Today was a beautiful, bright and sunny day but somewhat on the humid side. First thing I did this morning was to visit an ATM, top up the car with fuel and then race round my local supermarket all in advance of our trip down to Oxford today. We set off 15 minutes earlier than we would have intended as Bromsgrove is experiencing horrific traffic delays at the moment whilst a four-way traffic scheme is in operation as some of the critical junctions in the town centre are being widened (or so I am told). The traffic delays are horrendous and a lot of local businesses are suffering a bit hit as nobody can get near them to spend any money. We stopped just north of Oxford in the car park belonging to a cafe which I used to use when I journeyed down from Leicester to Winchester some 25 years ago as this car park represented the half way point through the journey. We used the SatNav to locate the restaurant in which we were booked at midday before we set about finding a place to park (not easy in central Oxford) We turned up at the restaurant the minute it opened as did our friends who had travelled through Oxford on bike (parking their car on the outskirts and then cycling a couple of miles into the city) We had a pretty good ‘meal du jour’ and a wonderful chat, which is par for the course. We tend not to have coffee in the restaurant where we have had a meal but we search out a more specialised coffee house with the prospect of enjoyable cake also being available. As you might imagine, Oxford was teeming with tourists and we stumbled through crowds of tourists, some of whom were being a guided tour to the Oxford Colleges. As well as these more ‘normal’ tourists, there are are also others who are following the Morse/Lewis/Endeavour trails as these popular television programmes typically use Oxford as their backdrop. Oxford appeared amazingly cosmopolitan with a massive range of accents, dress, hairstyles and the like mingling in the streets. After we had lunched and then located a suitable cafe for coffee and cakes, our Oxfordshire friends have given us some magnificent gifts of eggs (newly laid from their own hens), honey (from their own hives) and finally a book on Beekeeping that our friend had just written. It seems to be a day for friends displaying the books they have written because our friendly newsagent from whom I buy a newspaper every day has a big banner in his window advertising the book that he himself has just written.

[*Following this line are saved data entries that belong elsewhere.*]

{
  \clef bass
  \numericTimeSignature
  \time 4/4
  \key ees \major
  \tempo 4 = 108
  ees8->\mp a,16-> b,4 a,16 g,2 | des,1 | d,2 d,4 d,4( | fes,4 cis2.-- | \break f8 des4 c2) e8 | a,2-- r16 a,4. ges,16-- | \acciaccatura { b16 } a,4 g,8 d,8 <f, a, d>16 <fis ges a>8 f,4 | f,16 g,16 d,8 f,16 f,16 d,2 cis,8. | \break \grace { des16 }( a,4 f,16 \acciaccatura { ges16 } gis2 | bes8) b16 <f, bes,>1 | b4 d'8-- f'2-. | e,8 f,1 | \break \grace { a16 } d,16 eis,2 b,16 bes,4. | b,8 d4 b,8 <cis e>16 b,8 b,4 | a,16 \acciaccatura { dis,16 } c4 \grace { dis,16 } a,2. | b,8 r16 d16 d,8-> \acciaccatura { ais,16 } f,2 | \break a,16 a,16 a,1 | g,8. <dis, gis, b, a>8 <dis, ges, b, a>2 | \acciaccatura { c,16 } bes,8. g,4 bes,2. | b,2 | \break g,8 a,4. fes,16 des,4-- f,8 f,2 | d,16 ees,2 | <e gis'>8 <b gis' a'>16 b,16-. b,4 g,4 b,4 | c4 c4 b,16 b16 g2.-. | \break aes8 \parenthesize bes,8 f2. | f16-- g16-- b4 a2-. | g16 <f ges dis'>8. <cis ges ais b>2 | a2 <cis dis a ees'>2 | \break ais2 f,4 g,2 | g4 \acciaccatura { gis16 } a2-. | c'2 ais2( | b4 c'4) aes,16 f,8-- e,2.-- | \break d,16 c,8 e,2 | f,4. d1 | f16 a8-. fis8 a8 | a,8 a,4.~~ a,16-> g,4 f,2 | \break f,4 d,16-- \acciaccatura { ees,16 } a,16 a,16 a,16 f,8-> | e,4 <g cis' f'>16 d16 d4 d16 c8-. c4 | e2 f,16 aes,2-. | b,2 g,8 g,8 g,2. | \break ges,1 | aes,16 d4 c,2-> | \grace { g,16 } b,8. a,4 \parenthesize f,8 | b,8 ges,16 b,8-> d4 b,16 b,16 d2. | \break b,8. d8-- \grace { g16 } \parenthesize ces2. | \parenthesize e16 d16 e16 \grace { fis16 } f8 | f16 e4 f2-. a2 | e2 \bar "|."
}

When we got home, we turned on the TV and watched the news items concerning the Commonealth Games currently held in Birmingham. This afternoon we had quite a lot of ‘background’ stories explaining how individual athletes and even presenters were performing in these games. Although the games are entitled the ‘Birmingham’ games, it is in fact a West Midlands regional games because many of the venues and the atheletes themselves come from many different parts of the West Midlands. For example, today’s time cycling trials were held in the streets of Wolverhampton and the citizens had come out in their hundreds and even thousands to cheer on the competitors. Compared with similar games that have been held in the past, several themes are very prominent. The first of these is that the paralympics athlete events are integrated into the overall programme so we do not have a pattern, as in the Olympic games, where the able-bodied athletes in one time period are then followed by the paralympic atheletes about a fortnight later. So the Birmingham games are massively inclusive in terms of different classes of athletes but also the LGBT+ communities are finding an incredibly inclusive atmosphere suffusing the Games. The multiculturalism that ‘is’ Birmingham is being shown in many diverse ways, not least in the ways that the street vendors of different kinds of food are finding great opportunities to bring their foodstuffs to the spectators of different events. It is already being said that these are the ‘friendly’ games and there certainly seems to be a fund of good will in evidence at every sports venue around the region.
Tonight Sky News are going to stage a debate between the two Conservative party front runners before an audience of Conservative voters. It is being trailed that the key presenter, Kate Burley, is going to try her hardest to ensure that the candidates actually answer the questions that are put to them. I suspect that she will fail in her efforts, however well intentioned, as politicians seem almost as a class to be programmed to answer a questions that was not actually asked, to be enamoured of a soundbite and despite the fact that they claim that debates are all a matter of policies, in practice the whole debate will be seen in terms of style rather than substance i.e. how well they manage their own self images rather than a projection of policy issues ‘per se’.